### ACTIVITY:
Among the lines of data below, reproduce only those from the one with "Property photo of 425 N Westlake Ave AV" through the one with "Apartamento Cerca Parque", exactly as they stand, both ends included.

### RECORDS PROVIDED:
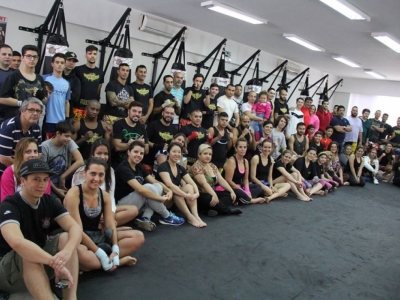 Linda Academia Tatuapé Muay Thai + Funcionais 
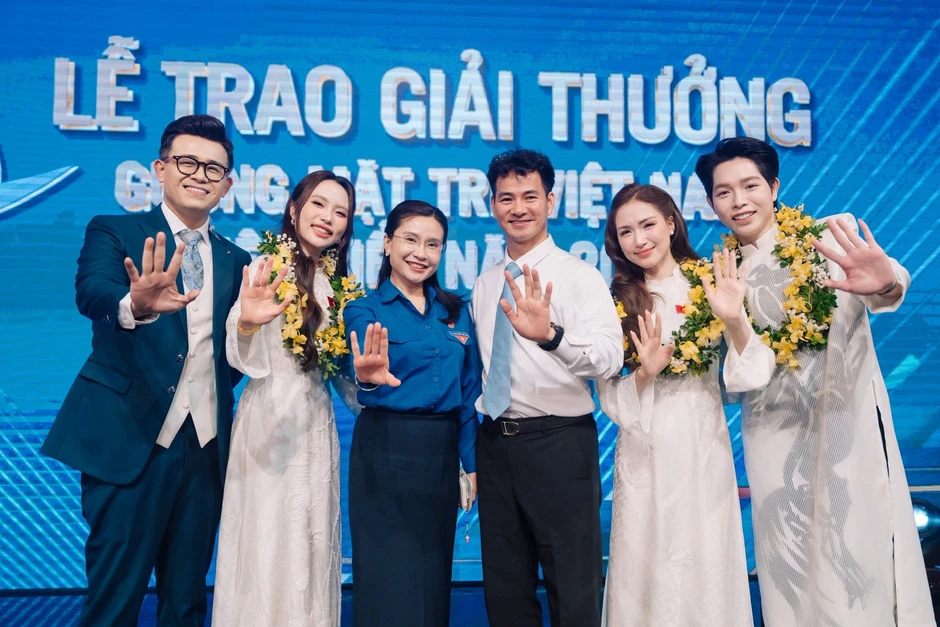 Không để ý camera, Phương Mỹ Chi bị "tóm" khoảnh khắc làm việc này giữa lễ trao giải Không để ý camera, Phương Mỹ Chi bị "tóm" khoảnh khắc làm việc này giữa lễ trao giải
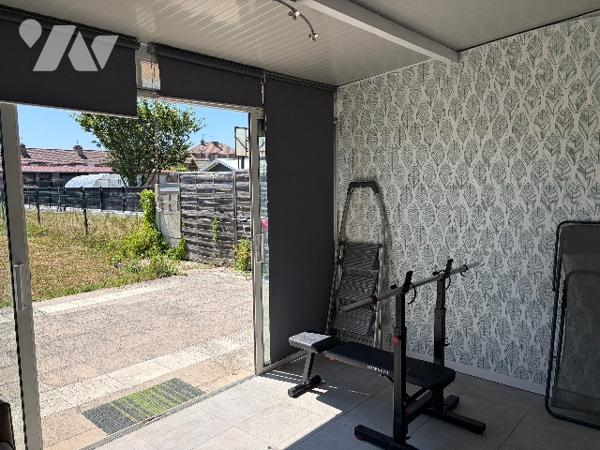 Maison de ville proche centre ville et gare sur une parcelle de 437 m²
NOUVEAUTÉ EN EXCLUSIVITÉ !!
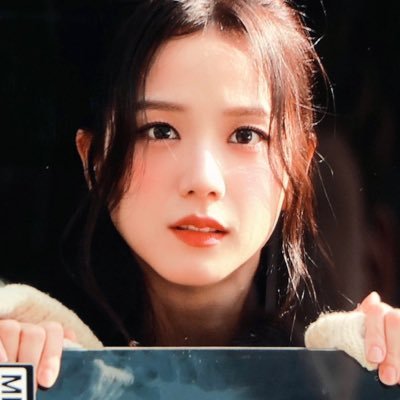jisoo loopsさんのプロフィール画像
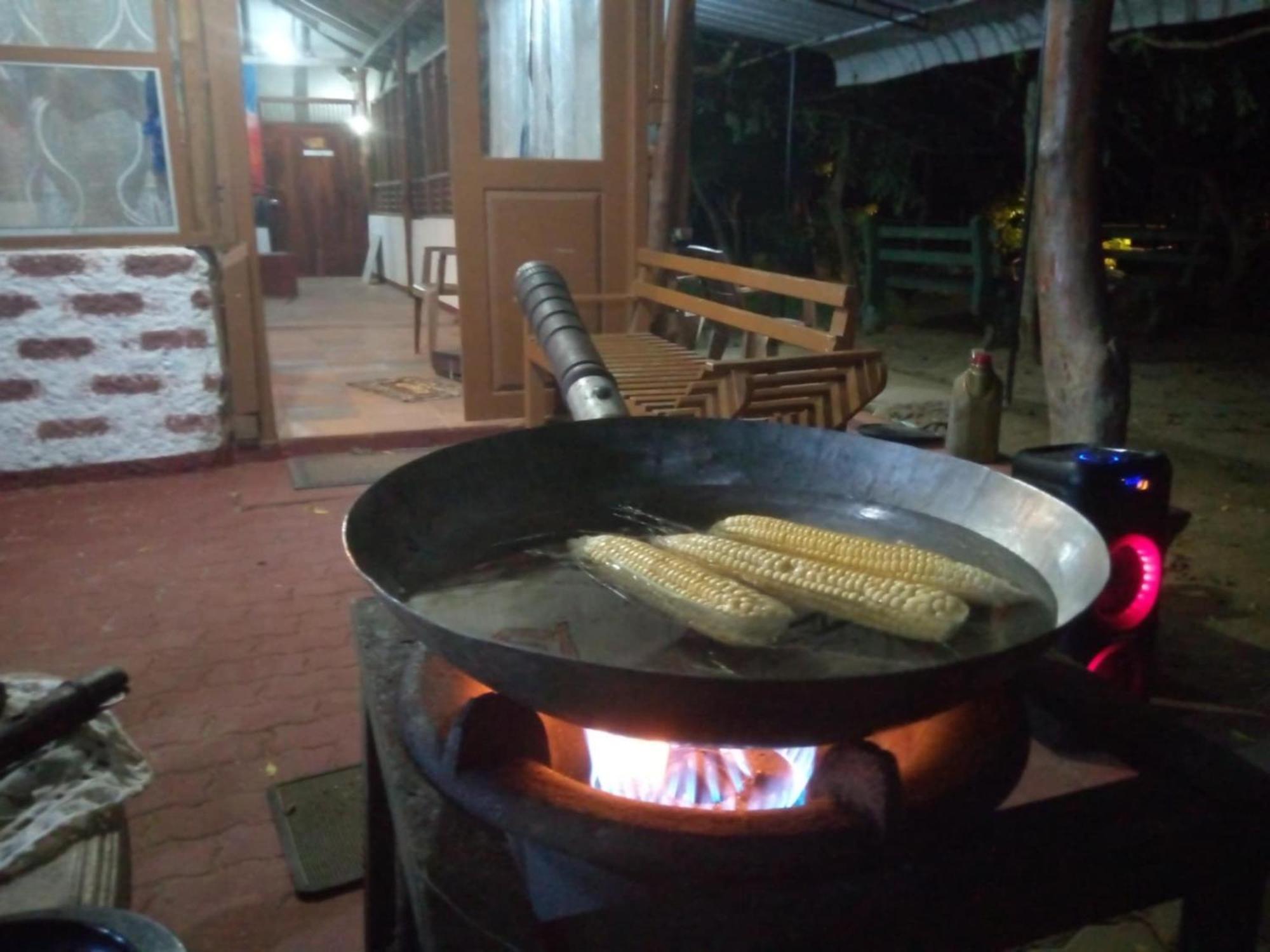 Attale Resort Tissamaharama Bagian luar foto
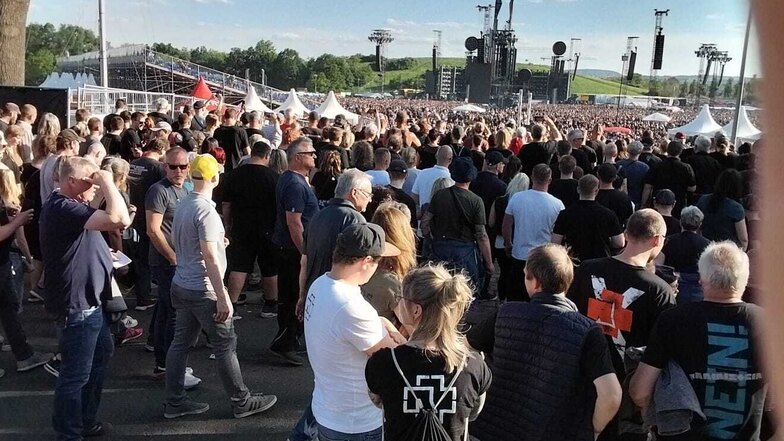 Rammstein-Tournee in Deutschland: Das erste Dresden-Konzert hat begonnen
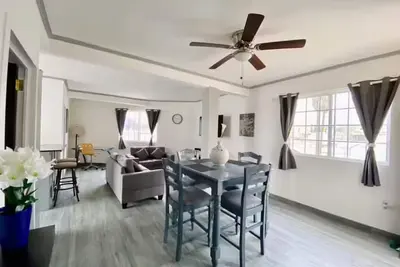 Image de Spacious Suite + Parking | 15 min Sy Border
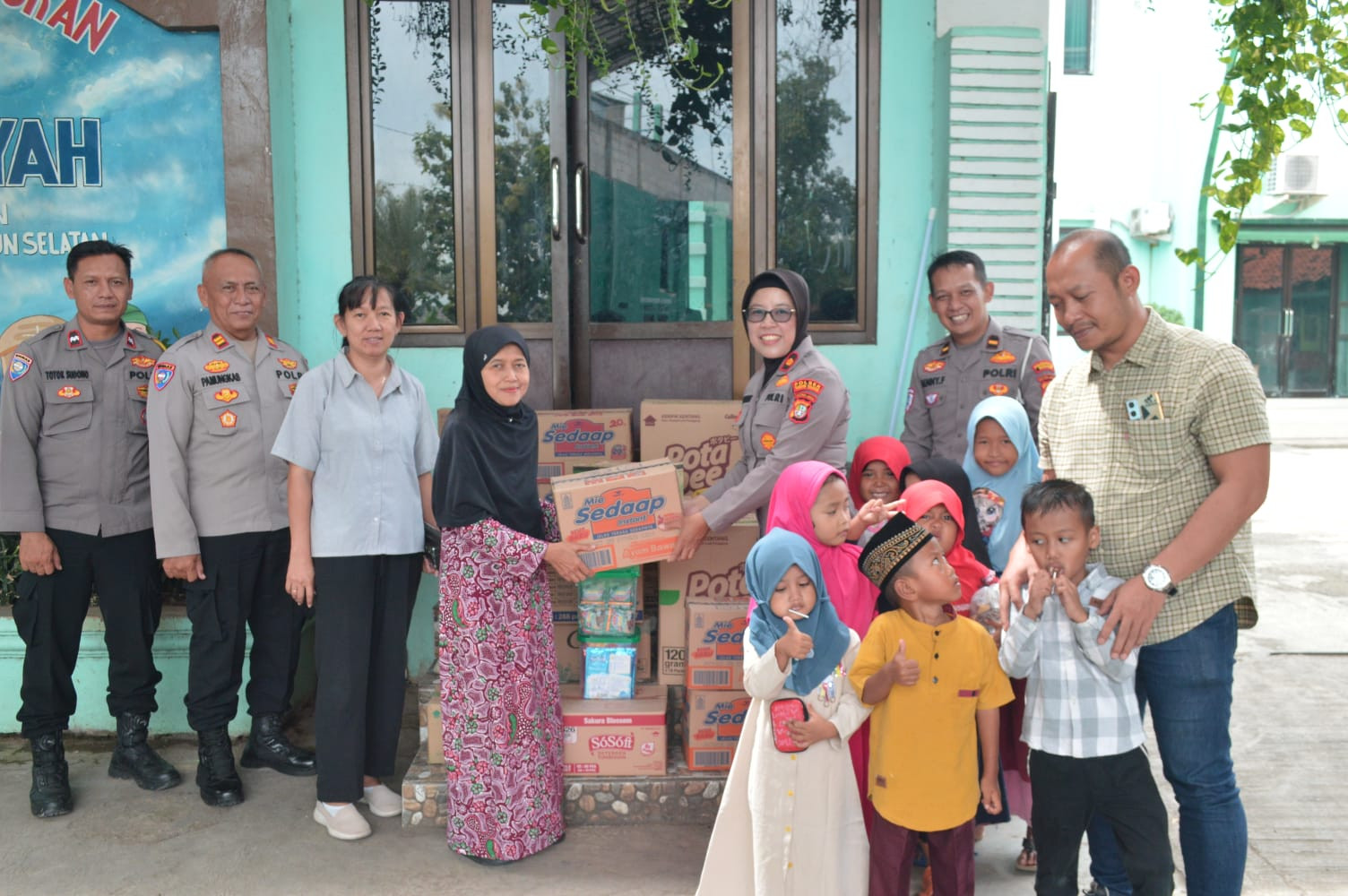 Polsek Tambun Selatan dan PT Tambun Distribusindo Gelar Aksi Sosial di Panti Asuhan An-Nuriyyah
---
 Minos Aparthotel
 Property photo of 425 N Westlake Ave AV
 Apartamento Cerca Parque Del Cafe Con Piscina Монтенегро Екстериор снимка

### WRITTEN REPLY:
 Property photo of 425 N Westlake Ave AV
 Apartamento Cerca Parque Del Cafe Con Piscina Монтенегро Екстериор снимка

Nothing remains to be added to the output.